Work task. Please restate each line of the material word for word and omit any pictures.

The data.
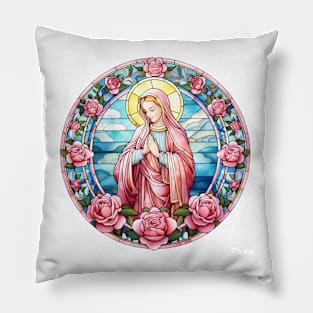 Nuestra Senora La Virgen Maria Pillow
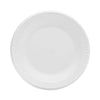 Dart® Concorde® Non-Laminated Foam Dinnerware, 10.25" dia., White, 125/Pack, 4 Packs/Carton Plates, Foam - Office Ready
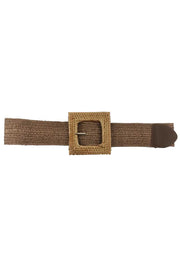 Fashion Square Straw Buckle Belt - Fashionmj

Solution to the exercise.
 Nuestra Senora La Virgen Maria Pillow
 Dart® Concorde® Non-Laminated Foam Dinnerware, 10.25" dia., White, 125/Pack, 4 Packs/Carton Plates, Foam - Office Ready
 Fashion Square Straw Buckle Belt - Fashionmj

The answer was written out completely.